Tapi sepertinya, kakinya sudah tidak mampu lagi untuk menopang tubuhnya yang semakin berat.

Dan sebelum tubuhnya benar-benar bersentuhan dengan lantai, dia bisa melihat ada seseorang yang berlari mendekat yang mungkin berniat menangkap tubuhnya.

Dan... semua itu hanya mimpi.

Suara detingan jam bahkan lebih nyaring dari suara nafasnya.

Keringat yang mengucur dari kening Jin Ra membuat gadis itu mengusap wajahnya gusar.

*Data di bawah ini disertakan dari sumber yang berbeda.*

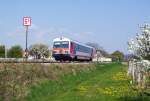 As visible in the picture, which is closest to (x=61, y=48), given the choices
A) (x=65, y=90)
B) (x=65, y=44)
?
(x=65, y=44)

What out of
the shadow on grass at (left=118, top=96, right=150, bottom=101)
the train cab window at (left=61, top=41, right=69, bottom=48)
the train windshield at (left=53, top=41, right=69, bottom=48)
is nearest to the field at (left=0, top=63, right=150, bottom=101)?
the shadow on grass at (left=118, top=96, right=150, bottom=101)

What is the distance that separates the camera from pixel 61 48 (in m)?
61.9

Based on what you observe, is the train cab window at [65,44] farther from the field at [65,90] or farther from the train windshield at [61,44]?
the field at [65,90]

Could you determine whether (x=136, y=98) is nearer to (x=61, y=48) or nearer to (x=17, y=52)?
(x=61, y=48)

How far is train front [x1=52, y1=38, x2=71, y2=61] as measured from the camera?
202 ft

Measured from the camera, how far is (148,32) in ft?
56.3

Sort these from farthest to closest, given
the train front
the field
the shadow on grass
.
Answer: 1. the train front
2. the field
3. the shadow on grass

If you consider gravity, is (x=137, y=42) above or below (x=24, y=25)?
below

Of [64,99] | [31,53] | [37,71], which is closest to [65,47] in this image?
[37,71]

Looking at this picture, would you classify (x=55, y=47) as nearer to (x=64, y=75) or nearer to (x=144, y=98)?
(x=64, y=75)

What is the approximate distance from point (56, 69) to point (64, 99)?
57.7ft

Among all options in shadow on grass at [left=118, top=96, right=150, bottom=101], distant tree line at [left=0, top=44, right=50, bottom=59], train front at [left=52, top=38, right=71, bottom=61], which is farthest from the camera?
Answer: distant tree line at [left=0, top=44, right=50, bottom=59]

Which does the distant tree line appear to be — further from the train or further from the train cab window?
the train cab window

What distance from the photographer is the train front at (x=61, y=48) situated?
61.5 m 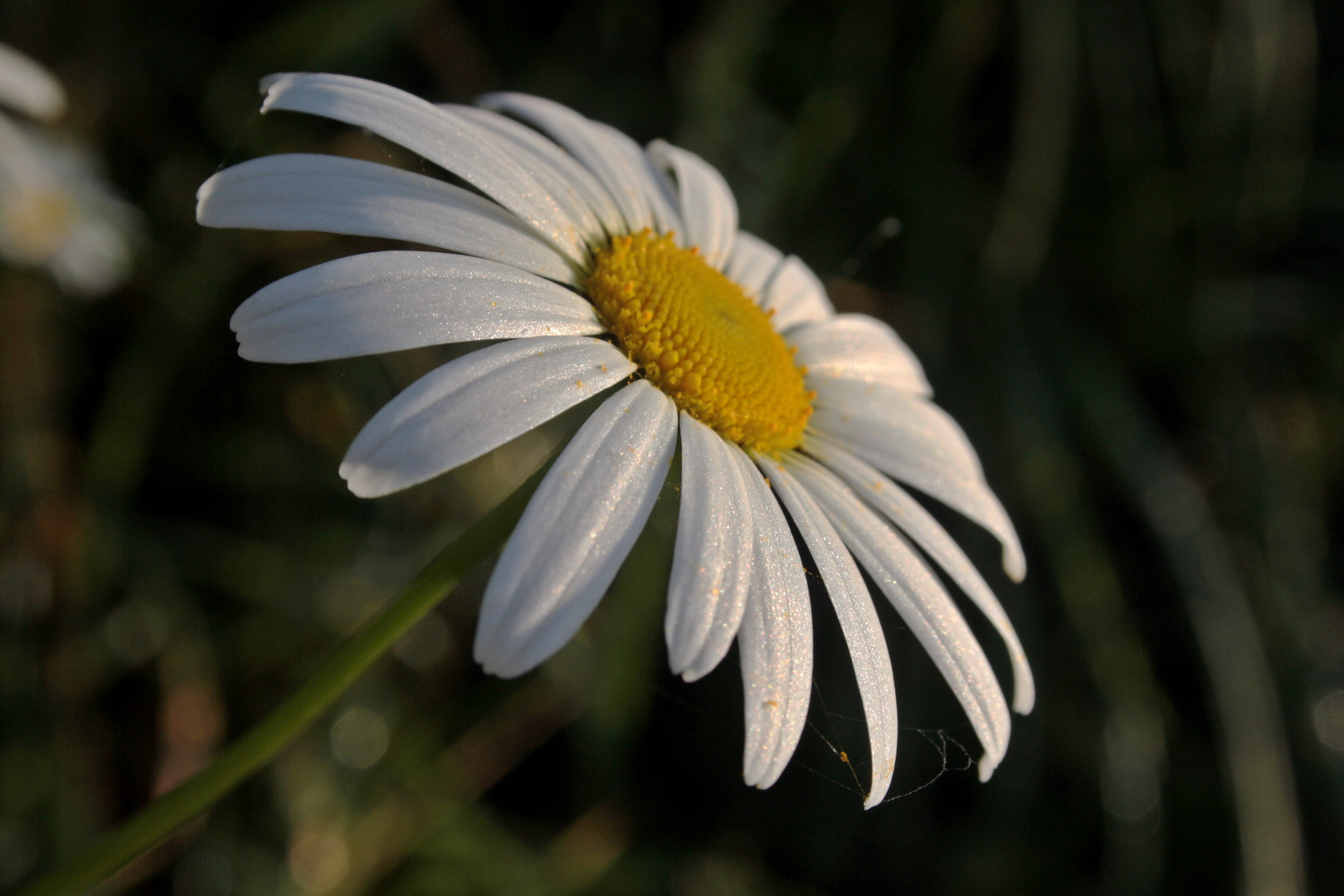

Lalu menatap pria yang masih terlelap dengan nyenyak di sampingnya.

Antara senang karena semuanya hanya mimpi dan antara khawatir jika semua yang ada di dalam mimpinya akan terjadi, segera.

Apa Donghae memang benar-benar menganggapnya hanya sebagai seseorang yang 'bekerja' sebagai istrinya?

Dan semua 'kedekatan' yang ia buat selama ini hanya sebatas akting belaka?

Tapi bukankah memang itu yang harusnya Donghae lakukan? Dan yang seharusnya Jin Ra rasakan; hanya akting.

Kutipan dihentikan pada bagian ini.